National Geographic
- Country: France
- Broadcast area: France Belgium Luxembourg Switzerland Monaco Overseas France Francophone Africa
- Headquarters: Paris, France

Ownership
- Owner: The Walt Disney Company France
- Sister channels: National Geographic Wild Voyage

History
- Launched: 22 September 2001
- Closed: 1 January 2025 (on Canal+)
- Former names: National Geographic Channel (2001–2016)

Links
- Website: http://www.nationalgeographic.fr

= National Geographic (French TV channel) =

National Geographic is a French television channel that broadcasts documentaries and factual programmes produced by the American counterpart, in French. It was launched on 22 September 2001 on CanalSatellite and cable television.

In 2014, National Geographic became a free channel on French IPTV platforms, but it become again a Canal exclusive in 2018.

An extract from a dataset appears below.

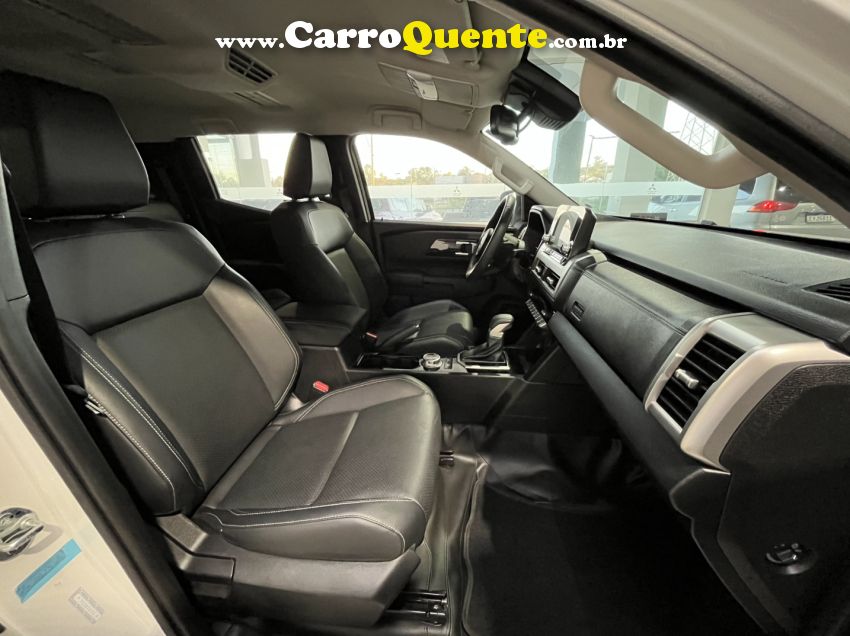 Mitsubishi TRITON 2.4 BITURBO DIESEL CD HPE-S 4X4 AUTOMÁTICO - Loja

Since 1 January 2025, the channel, along with National Geographic Wild, Disney Channel and Disney Jr. are no longer available on Canal+ due to the non-renewal of its exclusive agreement with Disney. National Geographic and Disney Channel returned to the basic offers of Orange and Free, while National Geographic Wild and Disney Junior have become unavailable in France., remaining available in Belgium, Luxembourg and Switzerland.